By Robert MacMillan
washingtonpost.com Staff Writer
Thursday, April 21, 2005; 10:15 AM
I'm going to let you in on a little secret. Reporters who write about the technology sector crack themselves up over the abstruse, jargon-laced language of their beat.
Sometimes we'll mix and match corporate tech-talk to come up with our own press releases: "It's a plug-and-play seamless connection paradigm that produces a win-win across multiple platforms for asynchronous synergies." You might think that's laying it on a bit thick, but I've seen worse. Technology writers should get a special bonus check every year for translating geek-speak into plain English.
It turns out that certain members of the academic community feel the same way about the arcane argot of their peers. The Associated Press reported that three graduate students at the Massachusetts Institute of Technology developed a computer program that generates fake research papers loaded with ridiculous gobbledygook -- and got one of the resulting papers accepted at a conference.
"The program, developed by Jeremy Stribling, Max Krohn and Dan Aguayo, generated a paper with the dumbfounding title: 'Rooter: A Methodology for the Typical Unification of Access Points and Redundancy,'" the AP reported. "Its introduction begins: 'Many scholars would agree that, had it not been for active networks, the simulation of Lamport clocks might never have occurred.'"
The program takes its cue from the Mad Libs books that some of us grew up with. It uses sentences from real papers, but fills in blank spots with random gems stolen from academia.
Stribling told the AP that the idea was to expose the conference "as being willing to publish any paper regardless of whether it's been peer-reviewed, which is kind of a dangerous precedent to set."
Here's a sample of what got by the conference reviewers, as posted at Blogcritics.org: "Many physicists would agree that, had it not been for congestion control, the evaluation of web browsers might never have occurred. In fact, few hackers worldwide would disagree with the essential unification of voice-over-IP and public-private key pair. In order to solve this riddle, we confirm that SMPs can be made stochastic, cacheable, and interposable."

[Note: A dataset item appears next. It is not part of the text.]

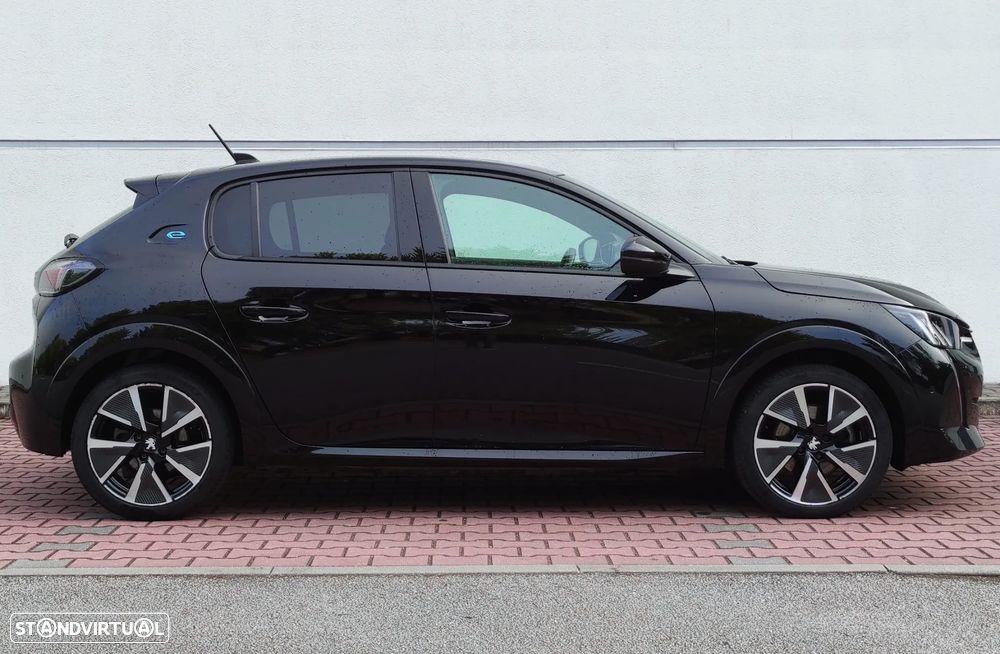 Peugeot e-208 GT - 14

The story got a lot of play in the global news media, even garnering an editorial from the Boston Globe. The paper's editorial board correctly surmised, "The reason something like that can slip by editors without an eye blink is that a lot of people in academia think, speak, and write that way -- and they're hardly alone. The business world can take a simple idea and turn it into a paradigm with parameters faster than a mouse click -- and the affliction keeps getting worse, no matter how many consultants are hired to promote clarity."
The event in question is the 9th World Multi-Conference on Systemics, Cybernetics and Informatics, and you may be forgiven for thinking that the conference title itself was randomly generated by the MIT students' program. Scheduled for the second week of July in Orlando, the conference is devoted to a mish-mash of topics -- information systems development, robotics, network applications, computer science and something called mechatronics.

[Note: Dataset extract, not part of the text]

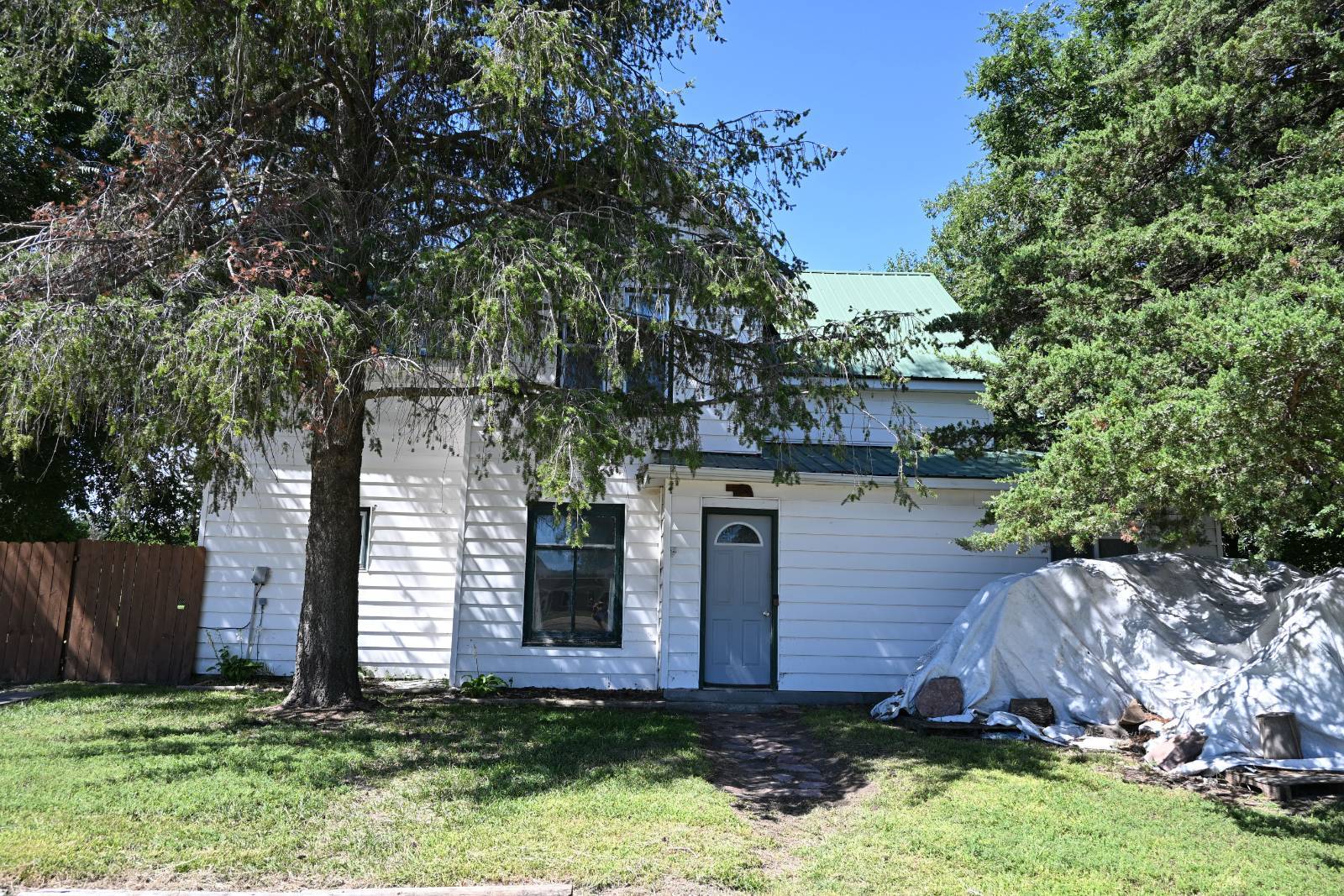 Photo 5 of 33 of home listing at 308 Sixth Street, Taylor, NE 68879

The organizer is retired professor Nagib Callaos, who told me this morning that he's not enjoying all the free press his academic gathering is getting these days.
"I need to be honest with you sir," he said. "I really am not feeling like appreciating the joke."

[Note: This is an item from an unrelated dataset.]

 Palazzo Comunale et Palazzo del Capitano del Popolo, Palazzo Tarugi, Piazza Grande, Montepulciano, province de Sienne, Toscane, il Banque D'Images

Callaos explained that the conference relies on the hard work of many people, and that the organizers will have to spend even more time and money to institute a more stringent review process. "It's something like the [security] measures after September 11th," he said. "It's not nice, but you have to do it."
He agreed that scientific language can be difficult to plow through, but said that the circumstances that led to the false paper being submitted ironically stemmed from the organizers' attempt to attract a wider range of talent to the conference. In putting out many requests for papers, he ended up provoking the ire of the MIT grad students who told the Boston Globe that they figured that a conference that sends out so much "spam" might have a low acceptance bar -- in other words, the perfect target for their fake paper experiment.
MIT prankster Stribling told the AP that the episode highlights a continuing problem in the scientific world: "conferences with low standards that pander to academics looking to pad their resumes [and] harm the reputations of more reputable gatherings."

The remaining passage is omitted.